Honker dla cywila
Honker - polska terenówka, kojarzona dotąd z wojskowymi lub rolniczymi (jest potomkiem Tarpana z czasów Gierka) zastosowaniami, doczeka się wersji cywilnej, która powinna trafić na rynek jeszcze w tym roku. "Powinna" jeśli pomyślnie przejdzie kilkumiesięczne testy w Przemysłowym Instytucie Motoryzacji.
Jeszcze na początku roku, Zbigniew Tymiński, szef DZT Tymińscy - firmy, która 30 kwietnia 2009 przejęła linię montażową Honkera po upadłych zakładach Daewoo w Lublinie - zapowiadał, że po zakończeniu dostaw dla armii, cywilna wersja pojazdu (być może dojdzie również do produkcji drugiego modelu) może pojawić się na rynku po całkiem okazyjnej cenie.
Kilka tygodni temu, w rozmowie prezesa Tymińskiego z TVN CNBC padła kwota ok. 70 tys. zł. To możliwe zważywszy, że Honker to ciągle bardzo prosty, dość spartańsko wyposażony samochód. Jego nowa wersja ma różnić się od poprzednika silnikiem, który musi spełniać normy emisji spalin Euro IV. Taką jednostkę dostarczyła już Andoria. Poza tym auto ma zmodyfikowane przednie zawieszenie - zamiast sztywnego mostu pojawił się niezależny układ wahaczowy.

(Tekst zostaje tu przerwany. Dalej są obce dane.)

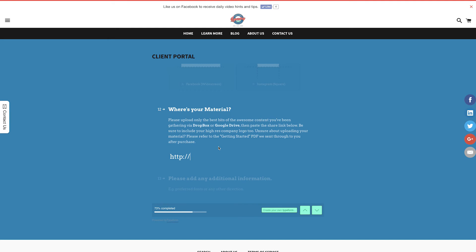Both are free to sign up to and provide you with the option to upload your footage and give us a shareable link. You can view videos on how to do this on your getting started PDF. So I've got my shareable link copied and I'm going to paste it into the field.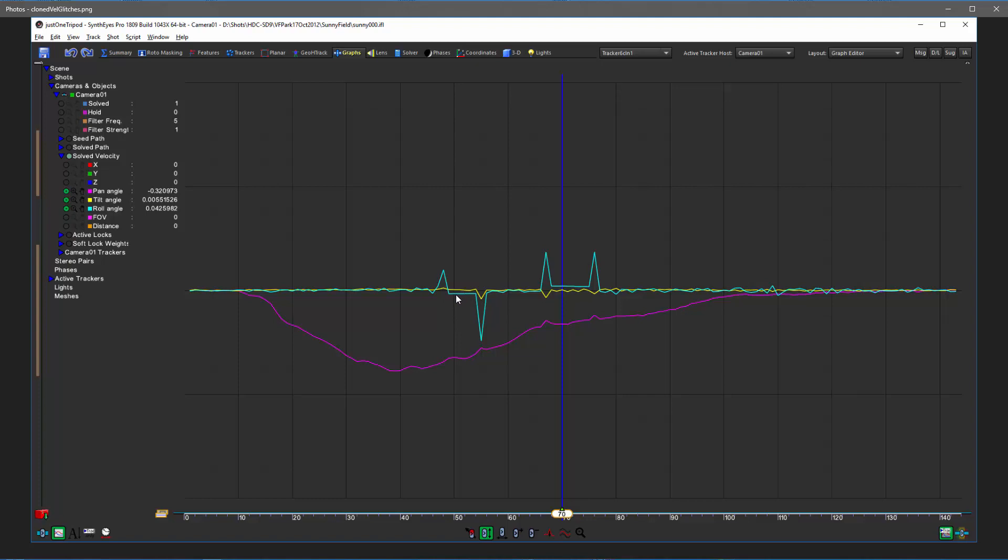Now the right solution to this is to add a roll constraint to replace the missing information that you would normally get by having additional trackers. In SynthEyes 1809 and later, that gets done automatically.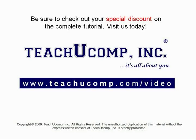Get your special discount offer on the complete tutorial at www.teachyoucomp.com slash video.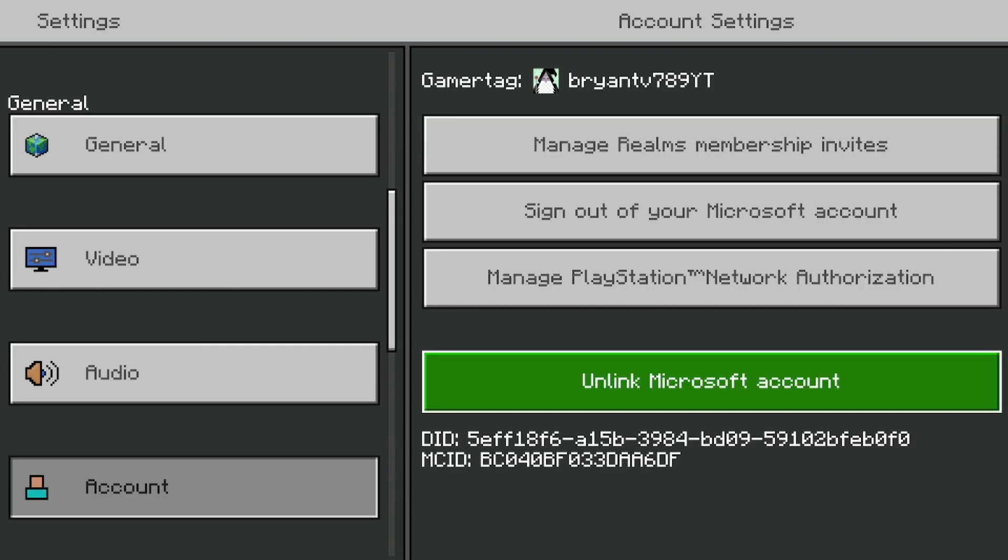Then you should see this option over here that says unlink Microsoft account, and all you want to do is press on that.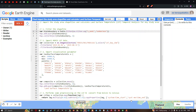Hi, hello everyone, welcome to the channel. In this video I'm going to show you how to import the study area shapefile and calculate the land surface temperature temporal analysis for any study area. Now let's get started.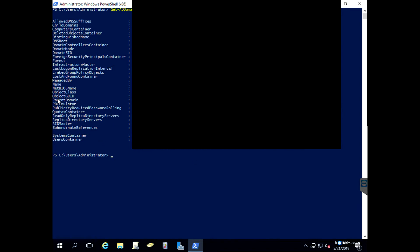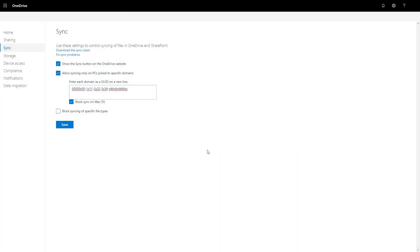On the left-hand side, you're going to want to look for ObjectGUID. This is a long set of characters that you'll need to copy and paste and place it in that box under 'Enter Each Domain as GUID on a new line.'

Co do rynków zbytu, poza krajowym odbiorcą, którego firma już szuka m.in. wśród rolników i leśników, kierując do nich specjalny list intencyjny, producenci Honkera spoglądają w kierunku Afryki (Kongo, Nigeria, Angola). Właśnie od popytu zależy powodzenie inwestycji. Zresztą to nie koniec. Prezes Tymiński w wypowiedzi dla TVN CNBC zapowiadał ulokowanie montowni Honkera w kraju, który wykazałby poważne zainteresowanie samochodem.